╭─ PROVIDED MATERIAL

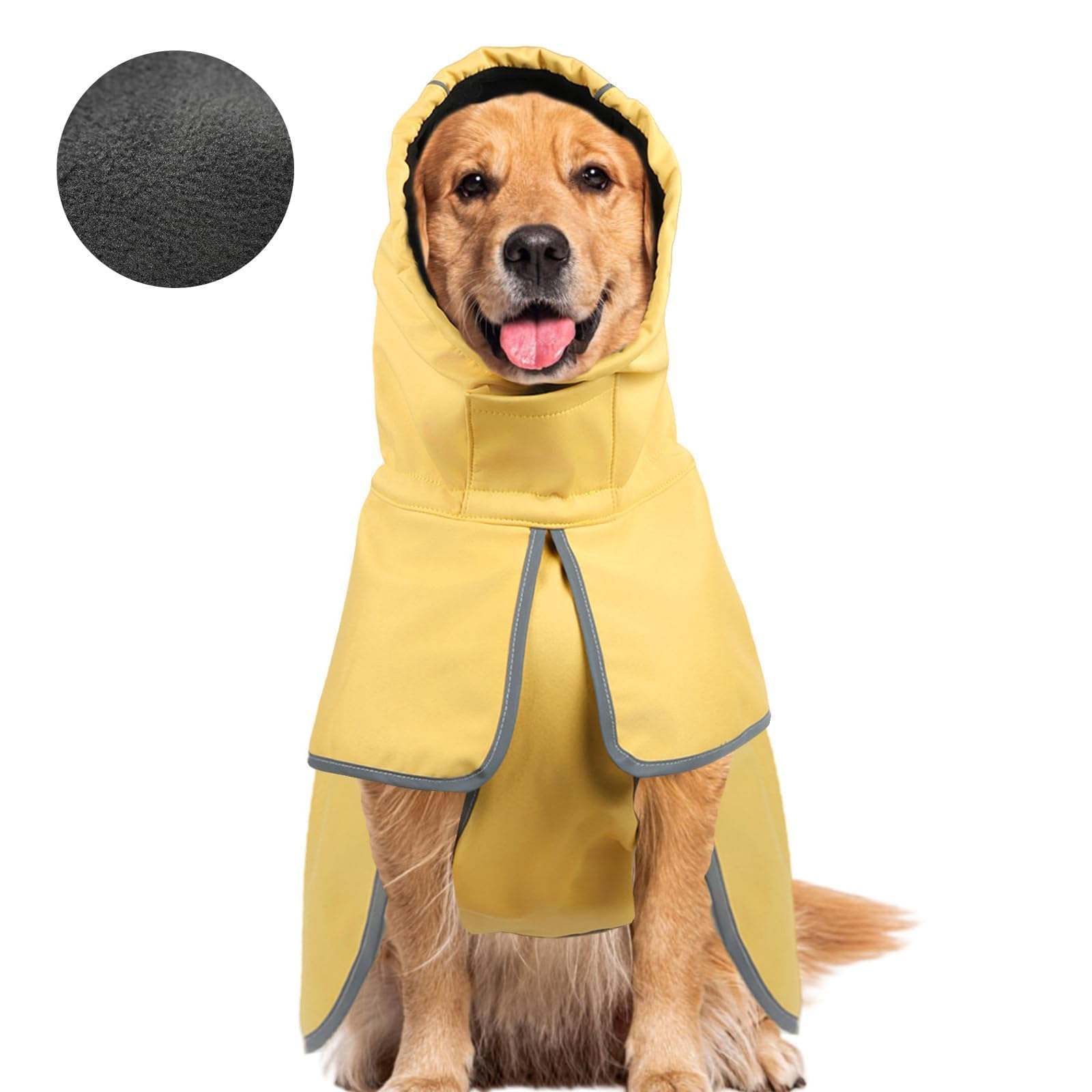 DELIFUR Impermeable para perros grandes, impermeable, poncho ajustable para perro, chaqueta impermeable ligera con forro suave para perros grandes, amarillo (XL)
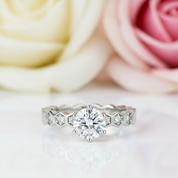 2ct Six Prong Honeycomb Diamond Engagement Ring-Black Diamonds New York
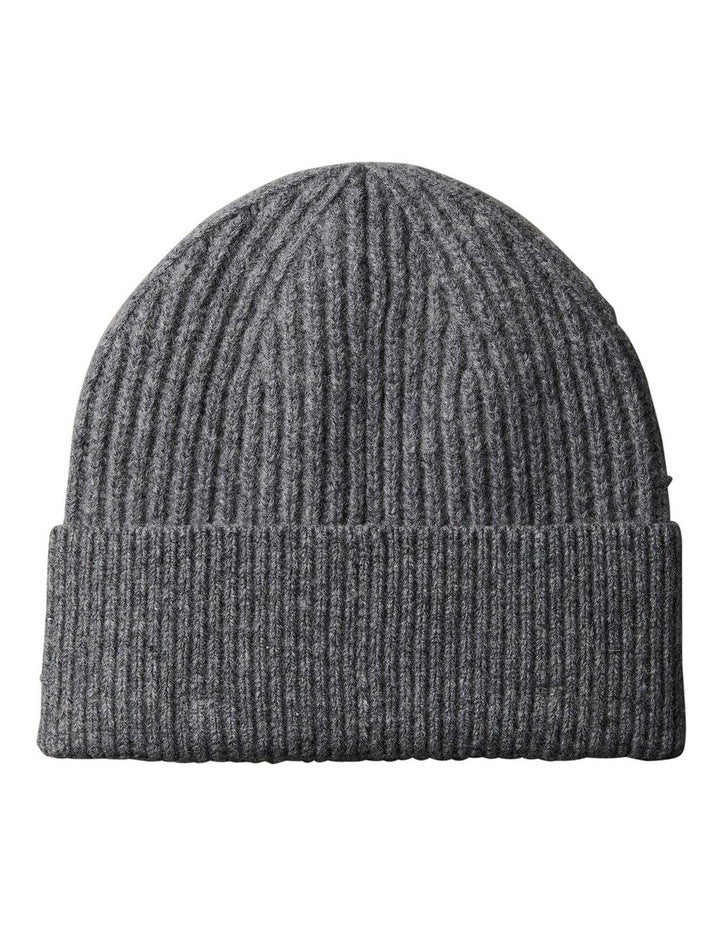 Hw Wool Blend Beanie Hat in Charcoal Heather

╰─

--- PROMPT ---
Retype the whole listing exactly. Do not include the pictures.

--- SOLUTION BELOW ---
 DELIFUR Impermeable para perros grandes, impermeable, poncho ajustable para perro, chaqueta impermeable ligera con forro suave para perros grandes, amarillo (XL)
 2ct Six Prong Honeycomb Diamond Engagement Ring-Black Diamonds New York
 Hw Wool Blend Beanie Hat in Charcoal Heather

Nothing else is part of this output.